Além destas, constelações como da Anta, da Tartaruga e do Veado também estão presentes na mitologia indígena.

 “Os índios se orientam pelas estrelas, podem prever o aumento das chuvas ou o aumento da presença de insetos”, é o que afirma o astrônomo do Museu da Amazônia (Musa), Germano Afonso, que desenvolve estudos sobre  “Etnoastronomia dos Povos Indígenas” em comunidades indígenas dos municípios de Manaus e São Gabriel da Cachoeira, com apoio da Fundação de Amparo à Pesquisa (Fapeam). A etnoastronomia é o estudo dos fenômenos celestes realizados por povos ao longo dos séculos, que indicam informação sobre a influência das estrelas e fases da lua na vida em comunidade.

O público presente à próxima palestra do programa ‘Ciência 7 e meia’, que será realizada na próxima quarta-feira (25), às 19h30, no Teatro Direcional do Manauara Shopping, vai poder observar o céu e ouvir as histórias que estão por trás das constelações observadas. O evento é gratuito.

Descendente de índios de Ponta Porã, no Mato Grosso do Sul, com fluência no idioma guarani, Germano Afonso desde cedo aprendeu a conhecer as estrelas pelos nomes indígenas.  Segundo o pesquisador, as formas que os astros desenham no céu variam entre as tribos. “O Cruzeiro do Sul que para os Dessana representa a força e fé, para outras comunidades, é a pata de ema ou o jabuti”, explica.
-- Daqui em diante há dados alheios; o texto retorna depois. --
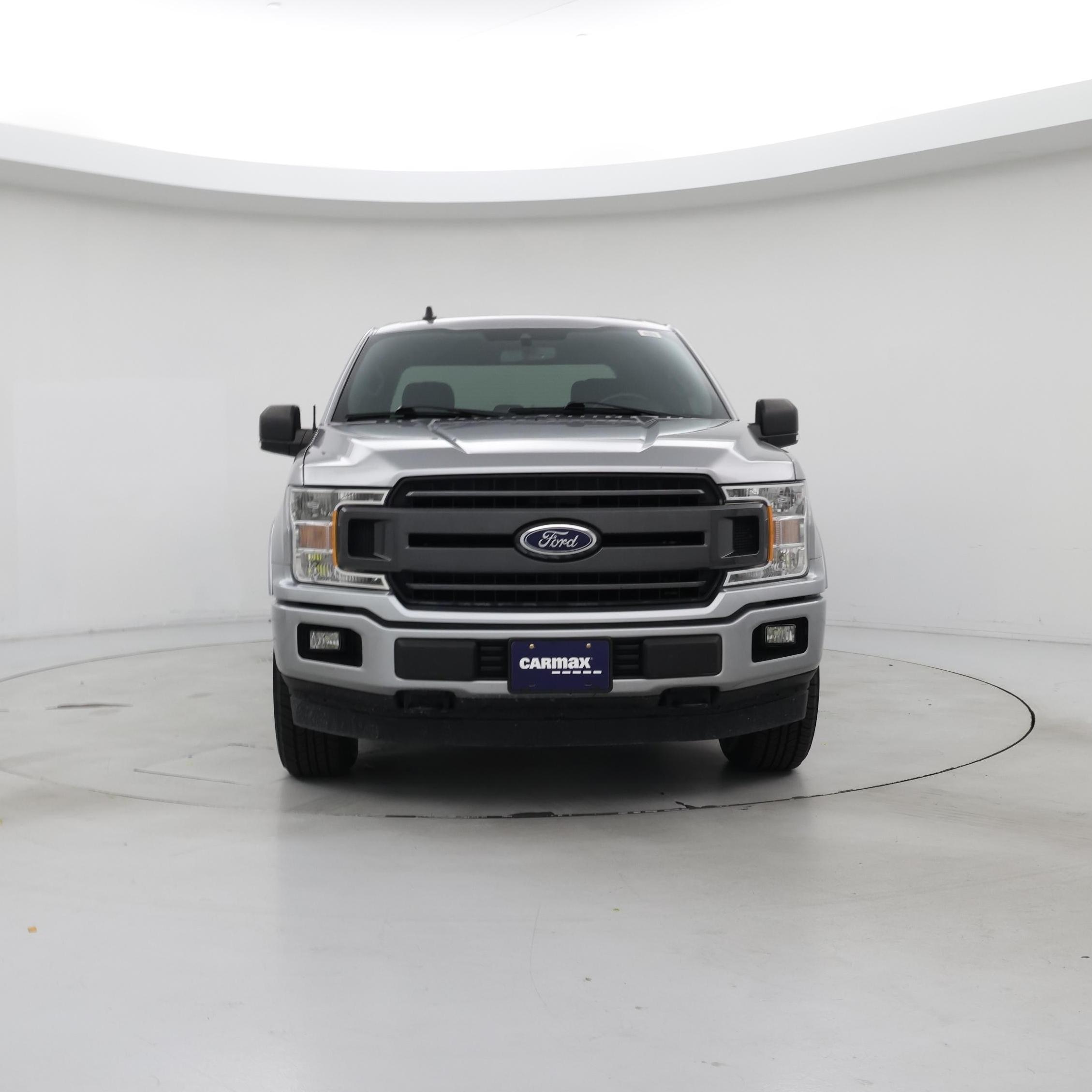 Thumbnail: 2020 Ford F-150 - 5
Germano conta que indícios dessa tradição indígena podem ser reconhecidos através das pinturas rupestres, onde existem conotações astronômicas representando o sol, a lua, cometas, eclipses e constelações indígenas.  “Isso indica que há milênios, os indígenas no Brasil já tinham suas constelações”.

O pesquisador explica que existem constelações indígenas mais importantes ou menos importantes, pois elas indicam fenômenos extremos de chuva ou seca, calor ou frio. Ele cita como exemplos, a Surucucu e o Homem Velho. A constelação Surucucu da família linguística Tukano, no Amazonas, está localizada onde se encontram as constelações ocidentais de Escorpião e Sagitário.
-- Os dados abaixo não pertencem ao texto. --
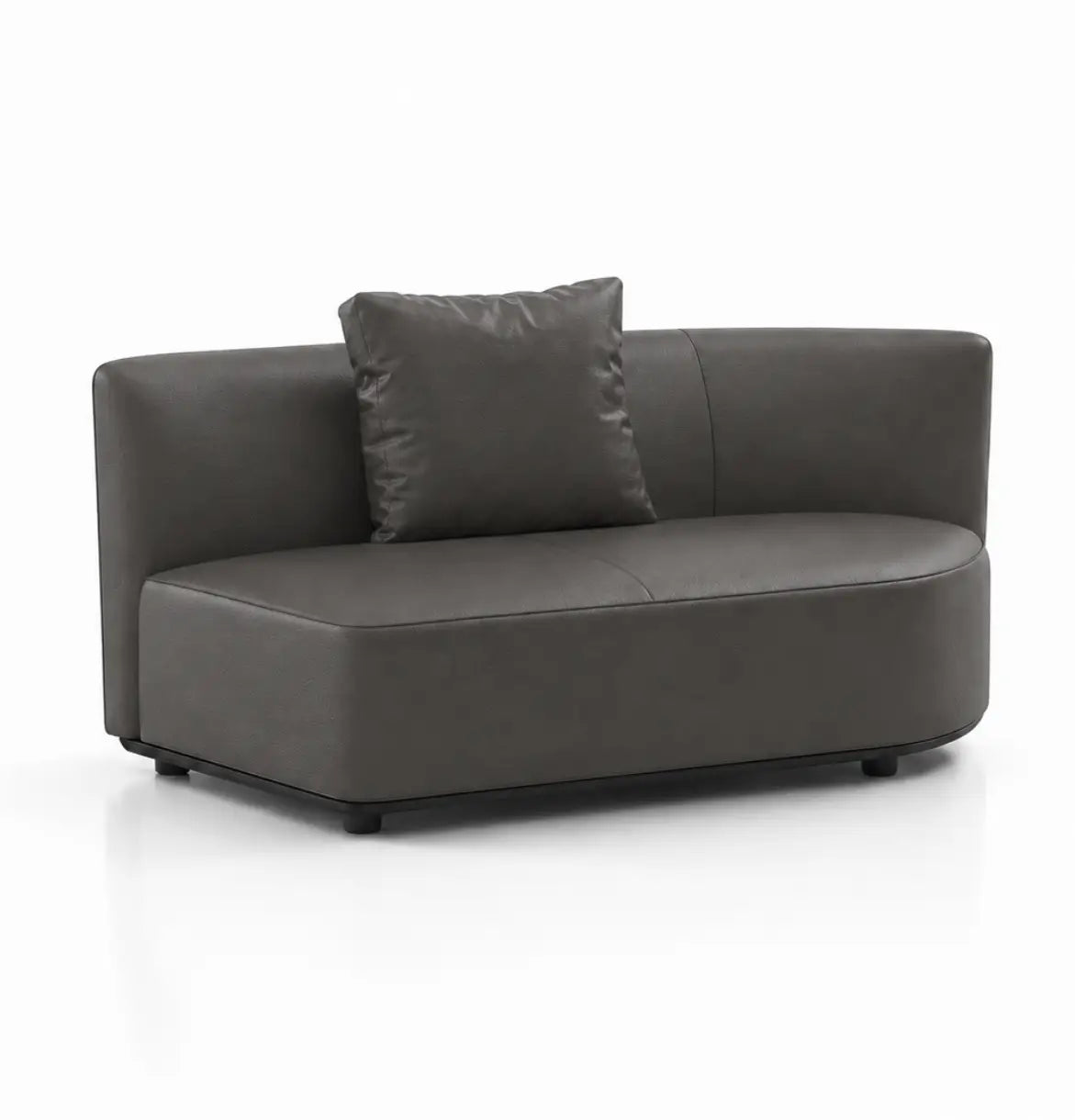 Emmy Modular Sofa (End/Corner) Consumer KANO Grey Left Arm 8-10 Weeks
Já o Homem Velho – acrescenta – da família linguística tupi-guarani, é formado pelas constelações ocidentais do Touro e de Órion. A cabeça do Homem Velho é formada pelas estrelas do aglomerado estelar de Híades, em cuja direção se encontra Aldebaran, a estrela mais bonita da constelação de Touro, de cor avermelhada. 

“Acima da cabeça do Homem Velho, localiza-se o aglomerado estelar das plêiades, representando um penacho que ele tem amarrado sobre a cabeça. As três Marias representam o joelho da sua perna sadia”, conclui o astrônomo.